=== DATASET EXCERPTS ===
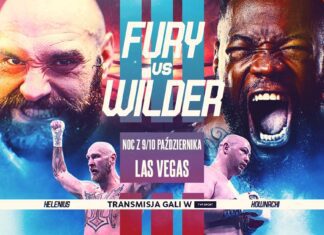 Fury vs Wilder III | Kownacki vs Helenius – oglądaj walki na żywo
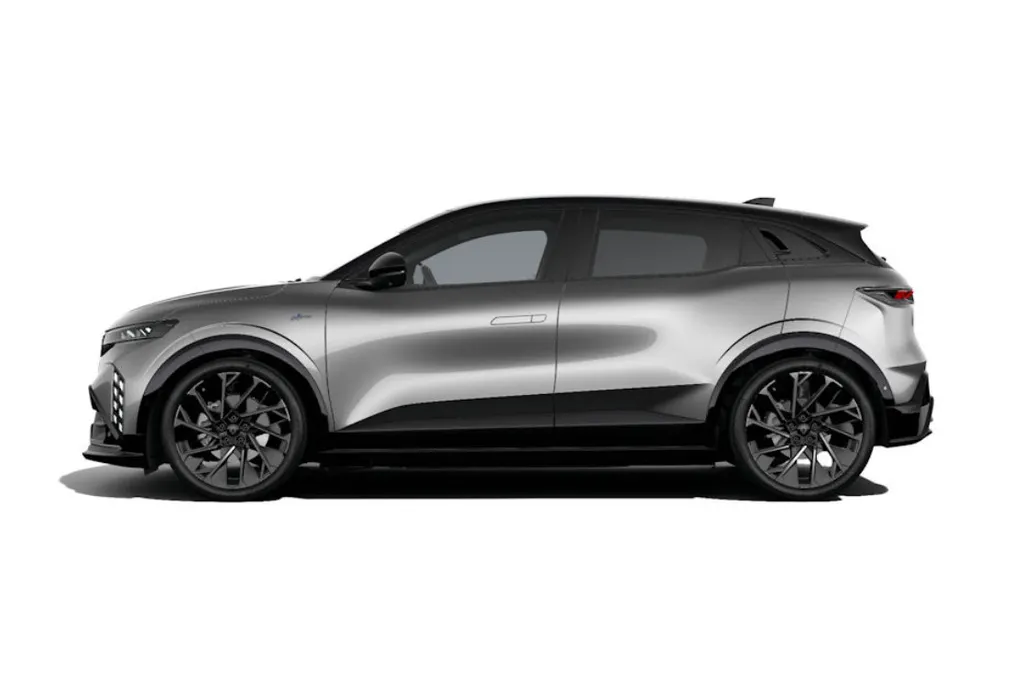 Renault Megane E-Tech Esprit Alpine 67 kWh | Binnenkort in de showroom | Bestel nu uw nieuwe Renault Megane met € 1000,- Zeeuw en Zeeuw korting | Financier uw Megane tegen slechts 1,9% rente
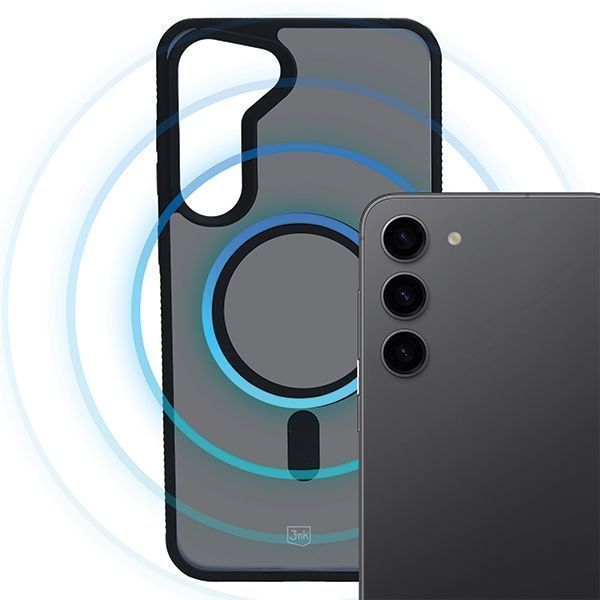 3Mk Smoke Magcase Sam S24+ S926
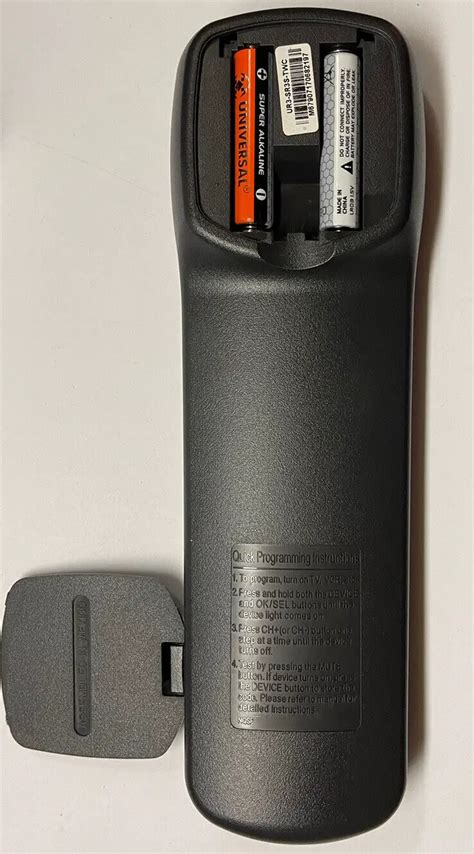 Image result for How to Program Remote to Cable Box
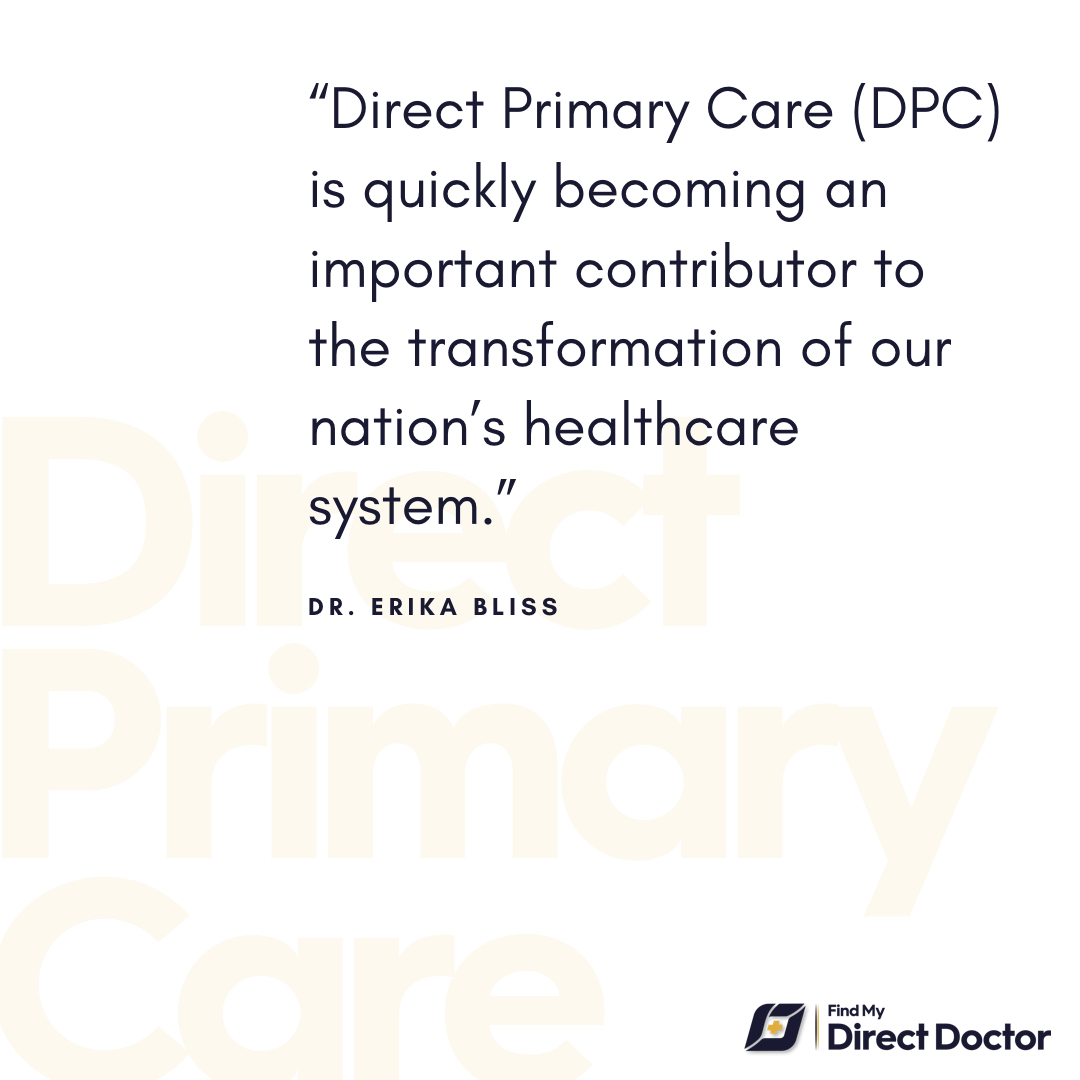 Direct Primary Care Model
===
=== DATASET EXCERPTS ===
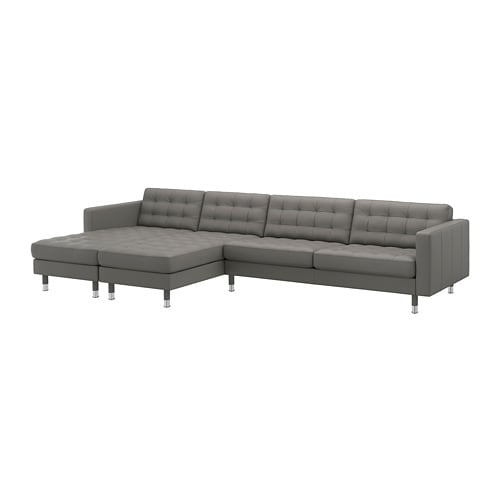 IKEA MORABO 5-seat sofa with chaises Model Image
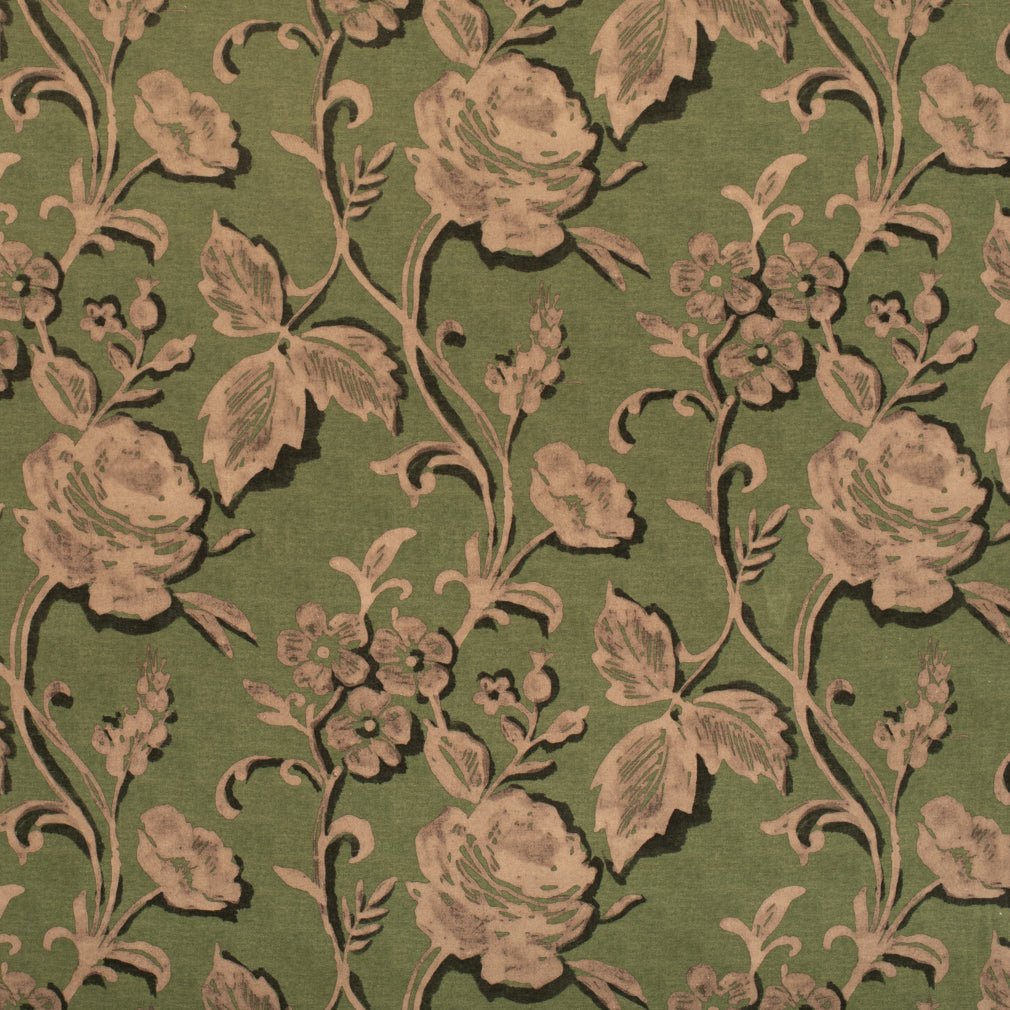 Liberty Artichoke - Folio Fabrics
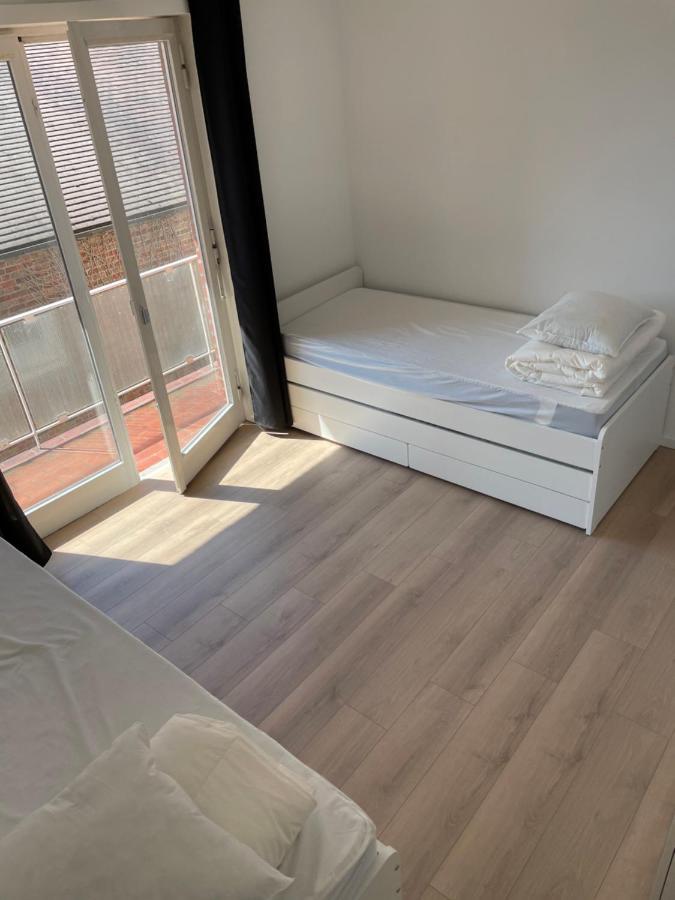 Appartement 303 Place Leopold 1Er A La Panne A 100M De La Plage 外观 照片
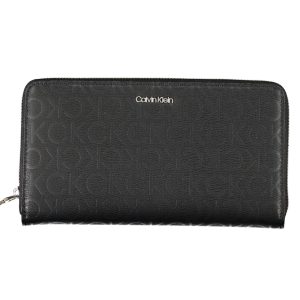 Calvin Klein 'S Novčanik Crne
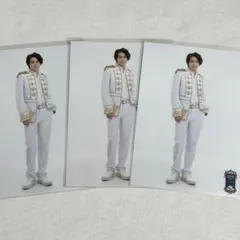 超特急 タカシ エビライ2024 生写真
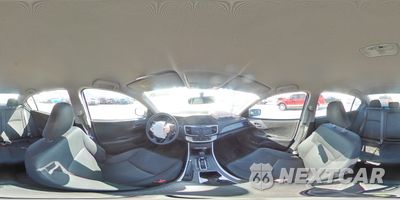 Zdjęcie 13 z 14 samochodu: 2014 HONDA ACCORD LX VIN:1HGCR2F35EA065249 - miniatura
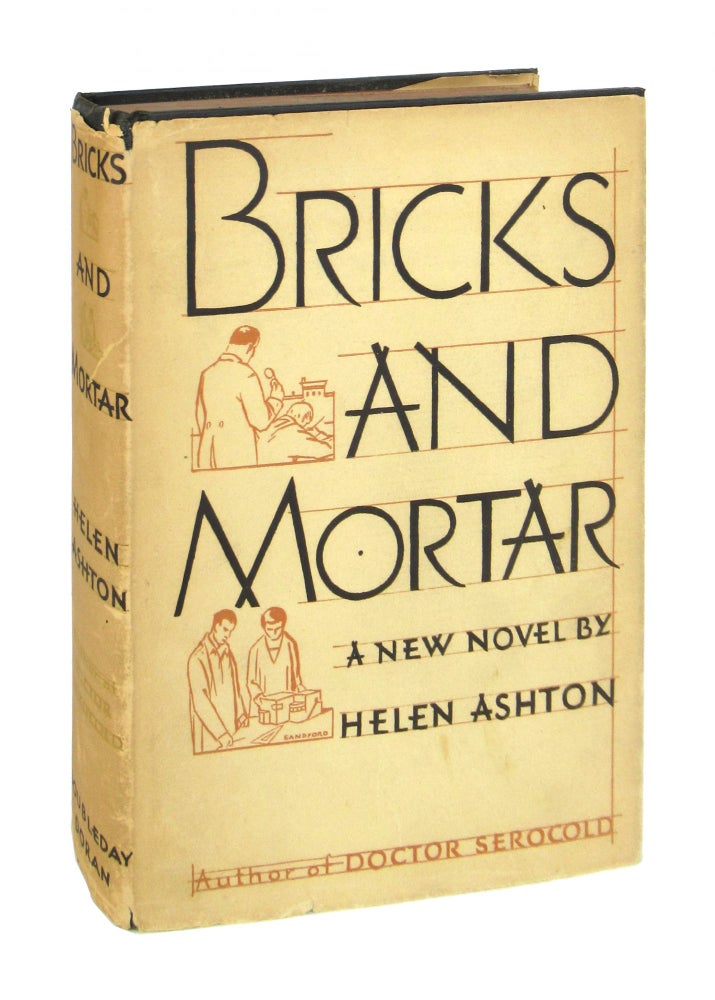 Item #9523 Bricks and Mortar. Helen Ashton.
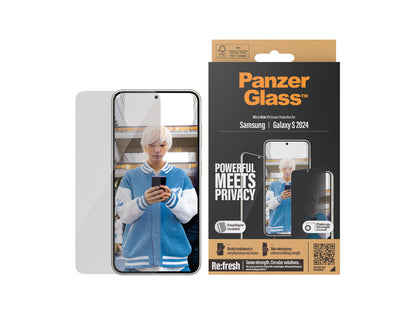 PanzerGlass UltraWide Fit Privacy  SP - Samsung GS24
===
**YOUR INSTRUCTIONS:**
Using the entries above, repeat exactly the lines from the one with "Fury vs Wilder" to the one with "Direct Primary Care Model", both included, and leave the pictures behind.

**TASK ANSWER:**
 Fury vs Wilder III | Kownacki vs Helenius – oglądaj walki na żywo
 Renault Megane E-Tech Esprit Alpine 67 kWh | Binnenkort in de showroom | Bestel nu uw nieuwe Renault Megane met € 1000,- Zeeuw en Zeeuw korting | Financier uw Megane tegen slechts 1,9% rente
 3Mk Smoke Magcase Sam S24+ S926
 Image result for How to Program Remote to Cable Box
 Direct Primary Care Model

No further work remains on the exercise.